A regional daily has launched a campaign calling for the end to unfair funding of schools in its county.

The Cambridge News started its Fair Deal For Our Schools campaign to call on the government to ensure schools in Cambridgeshire receive the same funding as the English average.

It launched the initiative to demand that action is taken immediately because the county will soon become the worst-funded area for schools in the whole country.

The campaign was launched as Schools Minister David Laws visited the county and met headteachers, who argued their case for a better deal.

The News says that if Cambridgeshire was given the average basic funding rate per pupil, it would have an extra £44m to spend on pupils each year, which is an extra £600 per student.

Editor Paul Brackley said: “It cannot be right for our schools to receive this funding settlement and for our pupils to be disadvantaged in this way. It’s time for a fair deal.”

Extra cash could fund hundreds more teachers and allow schools to invest in new technology and equipment, rather than facing difficult decisions over redundancies.

The paper’s campaign has been backed by headteachers across the county and Cambridge MP Julian Huppert, who raised the issue in Parliament last month.

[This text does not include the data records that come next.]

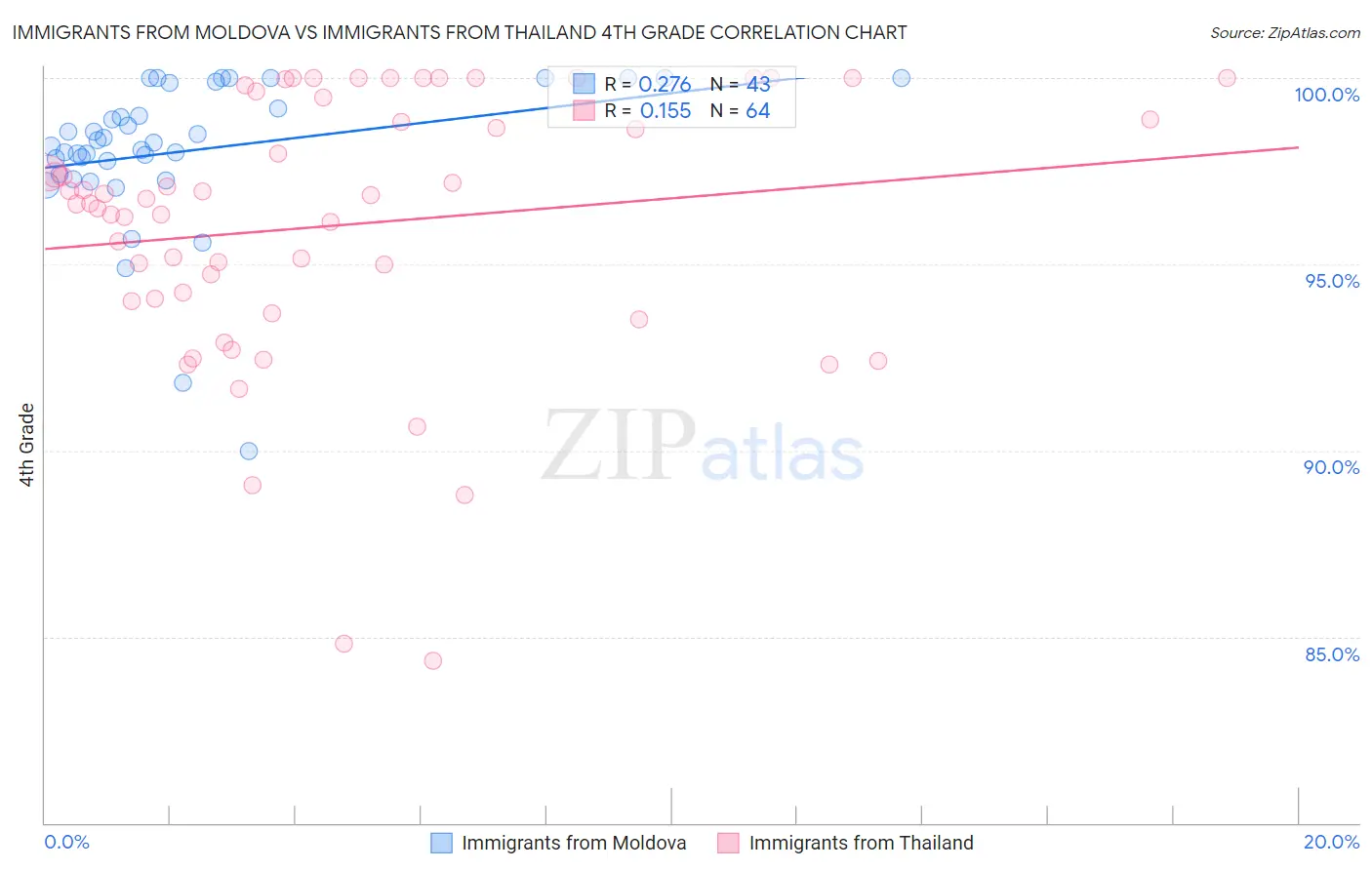 Immigrants from Moldova vs Immigrants from Thailand 4th Grade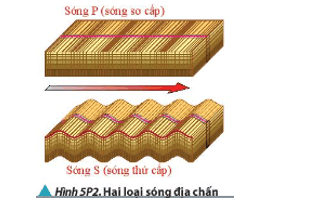 bai-2-trang-38-vat-li-11.png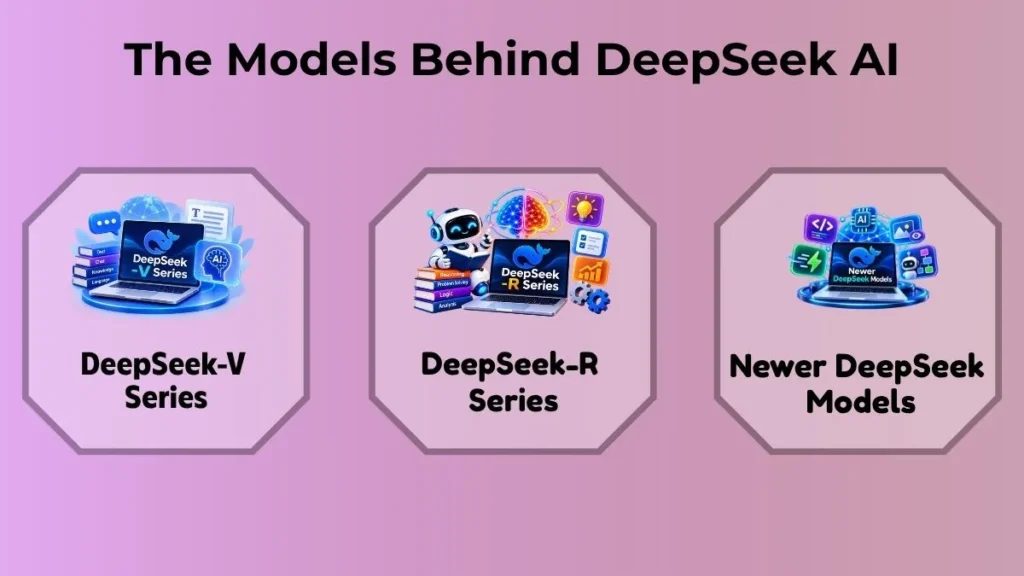 DeepSeek AI model families showing the V Series, R Series, and newer models.
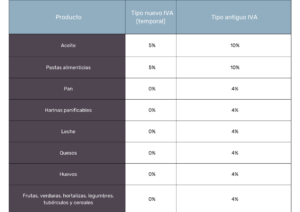 Tipos temporales según el tipo de producto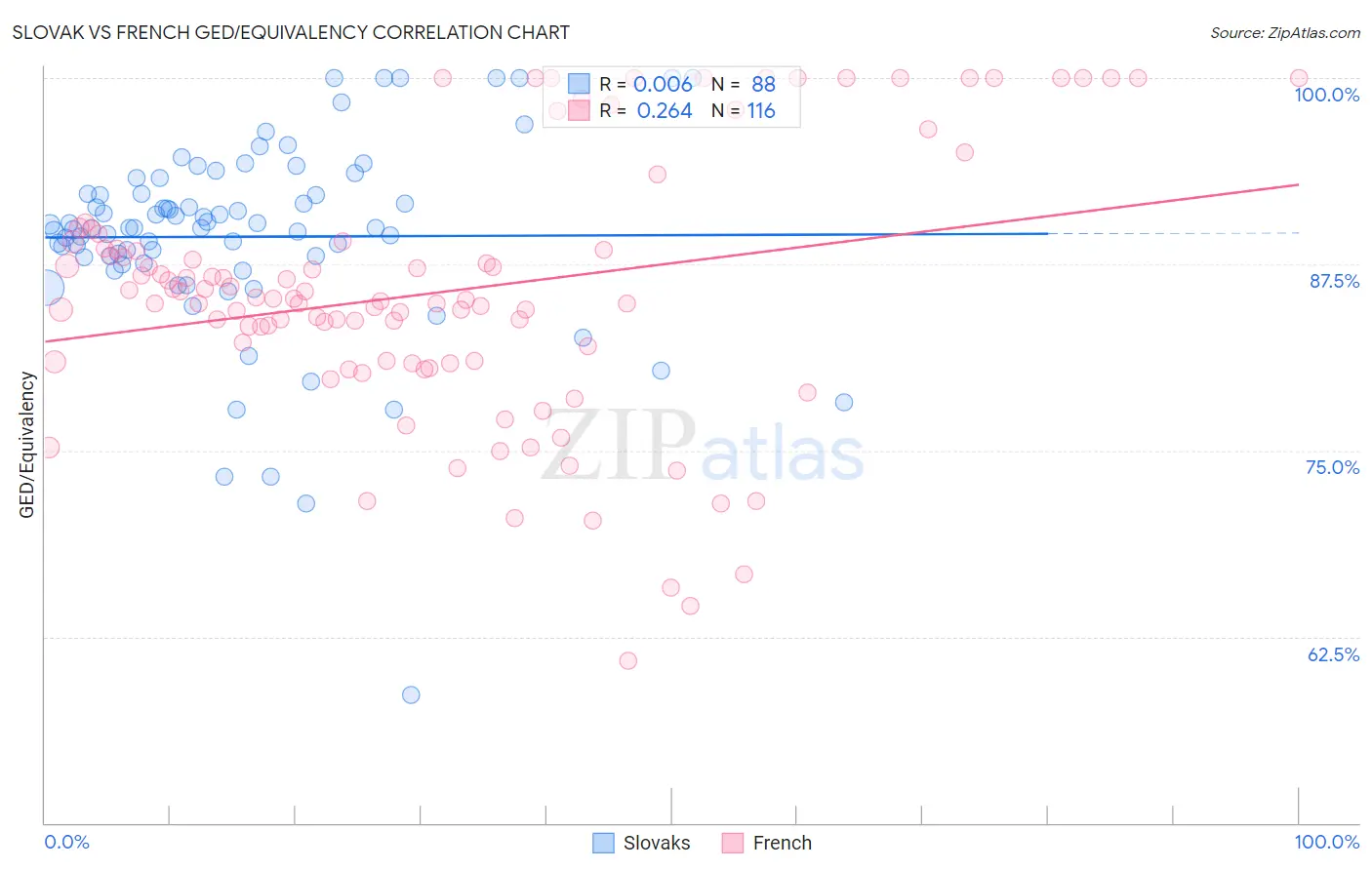Slovak vs French GED/Equivalency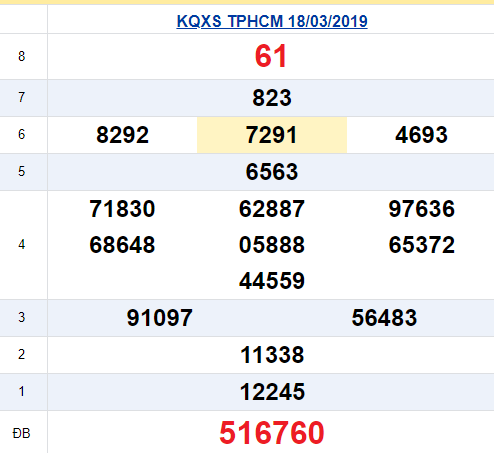 (XSHCM 18/3) Kết quả xổ số TP HCM hôm nay thứ 2 18/3/2019 - Ảnh 1.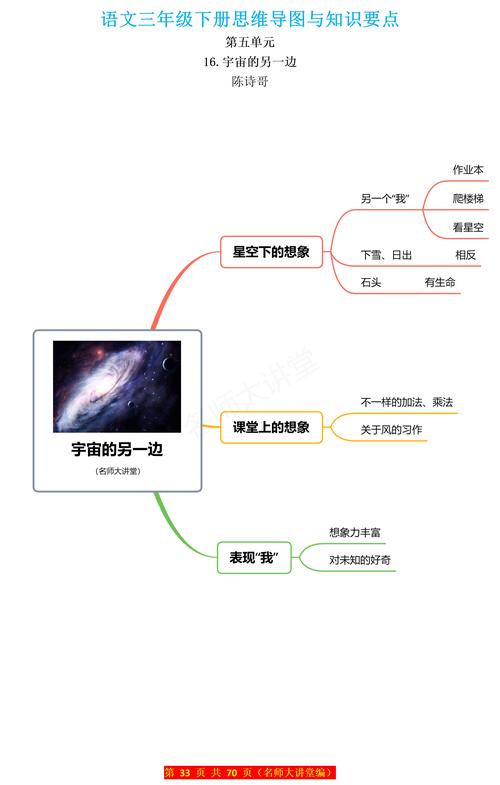 李树有何独特思维？-图3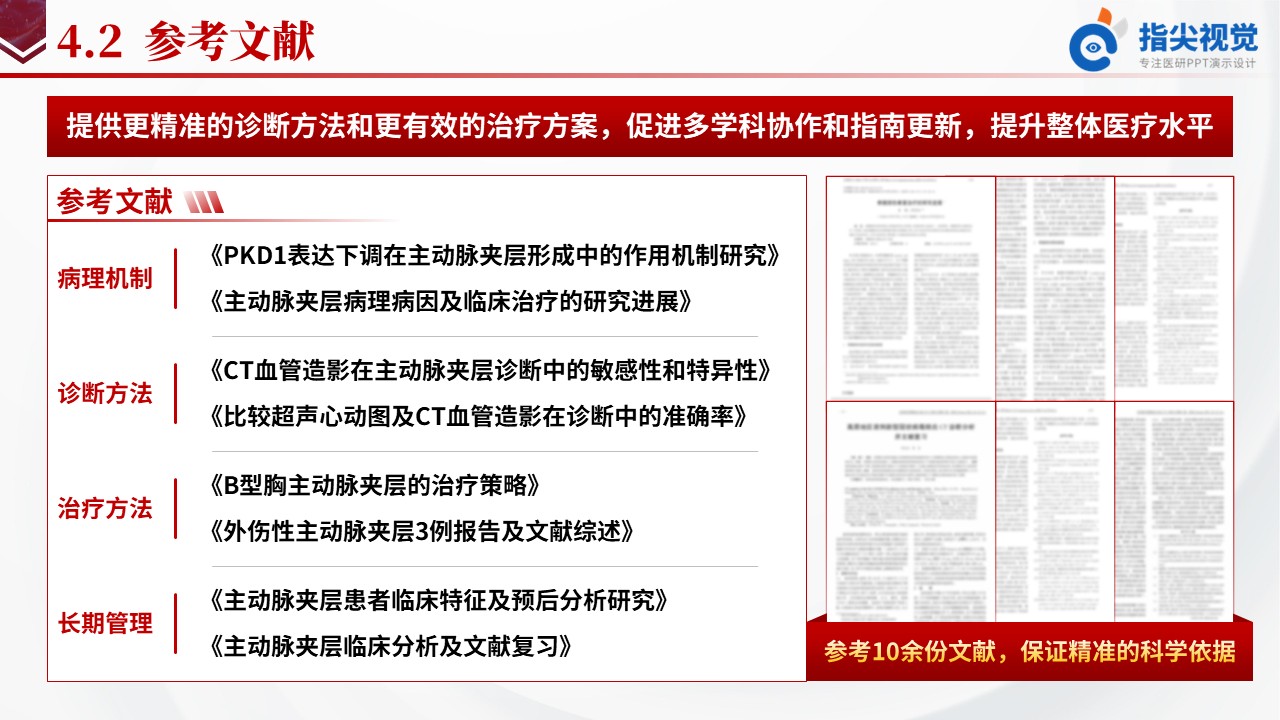 101期-主动脉夹层护理个案(红色)第11页预览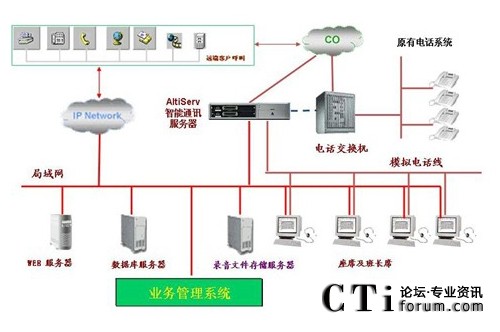 http://m.hnhdyk.com/factory/f01_05/www.altigen.com.cn/'http://m.hnhdyk.com/factory/f01_05/www.altigen.com.cn/'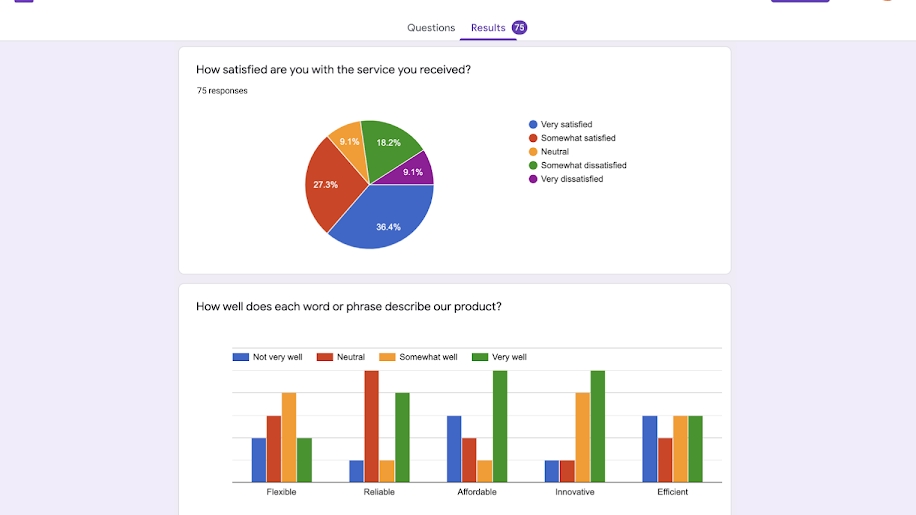 Jasa Lainnya - Pembuatan dan Desain google formulir Untuk keperluan BISNIS, PENELITIAN DAN INDUSTRI. - 1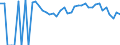 Indicator: 90% Confidence Interval: Lower Bound of Estimate of Related Children Age 5-17 in Families in Poverty for Morris County, TX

The county’s standing in the GCSE league tables has also been in decline in recent years – from 38th in 2011 to 94th this year.

Cllr David Harty, Cambridgeshire County Council’s cabinet member for learning, said: “Cambridgeshire is now bottom of the funding table – no other authority receives less per pupil than we do.

“This is clearly unfair, but more importantly, it has a detrimental effect on our schools and on the way that they support pupils to achieve.”

In his visit to Cambridge last week, Mr Laws said he was commited to ensuring school funding was fair but said the problem could not be fixed before 2015.